Although unlikely, are you sure the write pointer didn't just loop around because the ringbuffer is 0x1000 bytes?

cesys commented 7 years ago

Pretty sure it's not the case. Here you have another sequence: !> 00000004 XXX: ExecutePrimaryBuffer -> read_index : 00000BC3 , write_index : 00000BC9 !> 00000004 XXX: ExecutePrimaryBuffer -> read_index : 00000BC9 , write_index : 00000BD5 !> 00000004 XXX: ExecutePrimaryBuffer -> read_index : 00000BD5 , write_index : 00000BDB !> 00000004 XXX: ExecutePrimaryBuffer -> read_index : 00000BDB , write_index : 00000BE1 !> 00000004 XXX: ExecutePrimaryBuffer -> read_index : 00000BE1 , write_index : 00000BF3 !> 00000004 XXX: ExecutePrimaryBuffer -> read_index : 00000BF3 , write_index : 00000016 hardly doubt you're gonna hit a big chunk after 00000BF3 that will force the ring buffer to wrap around. BTW, it always ends up being 16. Do you know which OPCODES are involved? After my analysis, it seems that I should start from OPCODE_LOAD in constant_propagation_pass.cc, but I'm not sure that's the right track.

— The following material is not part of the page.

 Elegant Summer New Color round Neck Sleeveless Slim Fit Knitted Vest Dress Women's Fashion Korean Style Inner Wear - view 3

DrChat commented 7 years ago

Don't worry about the JIT opcodes, the ones dealing with integer arithmetic and similar have been verified.

I've had a similar issue before where the ring buffer wasn't the correct size and it wrapped around incorrectly. That might be worth looking into, though it may be unlikely in this case.

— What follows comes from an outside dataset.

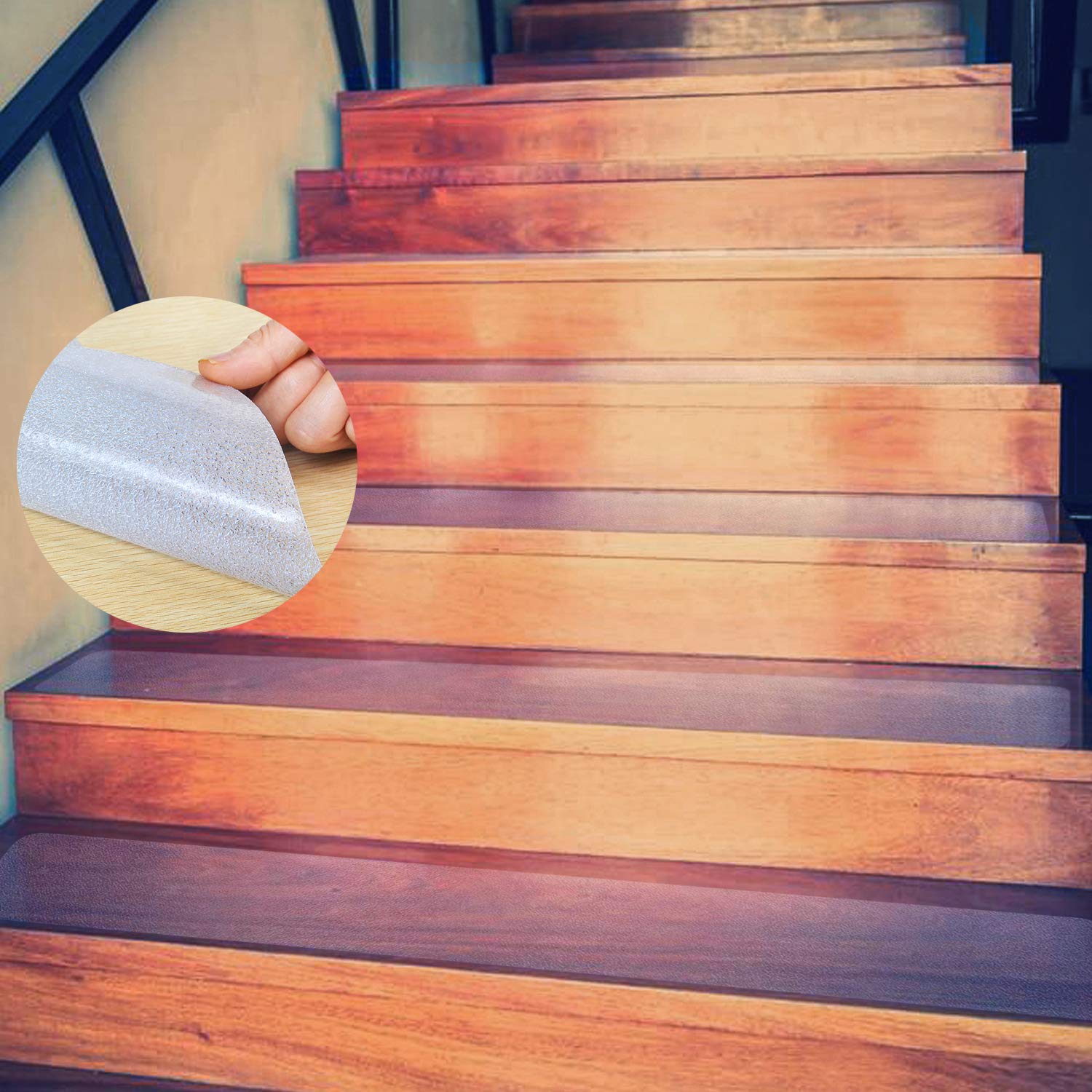 ONTWIE Non Slip Stair Treads Transparent Tape, Anti Slip Self Adhesive Step Strips, Safety for Kids, Elders and Pets, Outdoor&Indoor - 6"x 24"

cesys commented 7 years ago

Seems like in: auto graphics_system = kernel_state()->emulator()->graphics_system(); graphics_system->InitializeRingBuffer(ptr, log2_size); the ring buffer is initialized to be 0x8000 bytes meaning 32k so we're definitely far from wrapping around... Unless the dimension value get corrupted.

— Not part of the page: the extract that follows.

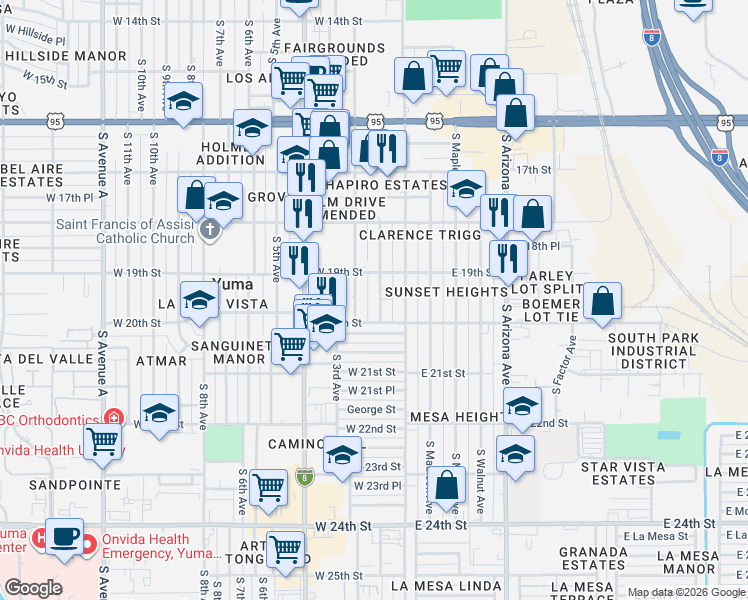 map of restaurants, bars, coffee shops, grocery stores, and more near 1907 South 2nd Avenue in Yuma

cesys commented 7 years ago

Found the issue. In this specific title the ring buffer got reinitialized at least twice with: InitializeRingBuffer Immediately after the second initialization, the game crashes because read_ptrindex is not reset to 0. Adding: void CommandProcessor::InitializeRingBuffer(uint32_t ptr, uint32_t log2_size) { + read_ptrindex = 0; primary_bufferptr = ptr; primary_buffersize = uint32_t(std::pow(2u, log2_size)); } makes the emulator work for some more cycles, until I hit another issue: Expression: furthest_usage->use->instr->block==block Going ahead with the analysis.

cesys commented 7 years ago

Commenting the assert makes the game go a little further (it plays another short WMV). After that I get a shader translation exception. Which means we're approaching the 3D part. With OpenGL the emulator actually goes into the game. Vertex shader doesn't seem to do much but the pixel shader is okkey (2D images are there).

DrChat commented 7 years ago

Submit a PR with that read_ptrindex fix and I'll pull it

As for that assert - that looks rather serious as I haven't encountered that before.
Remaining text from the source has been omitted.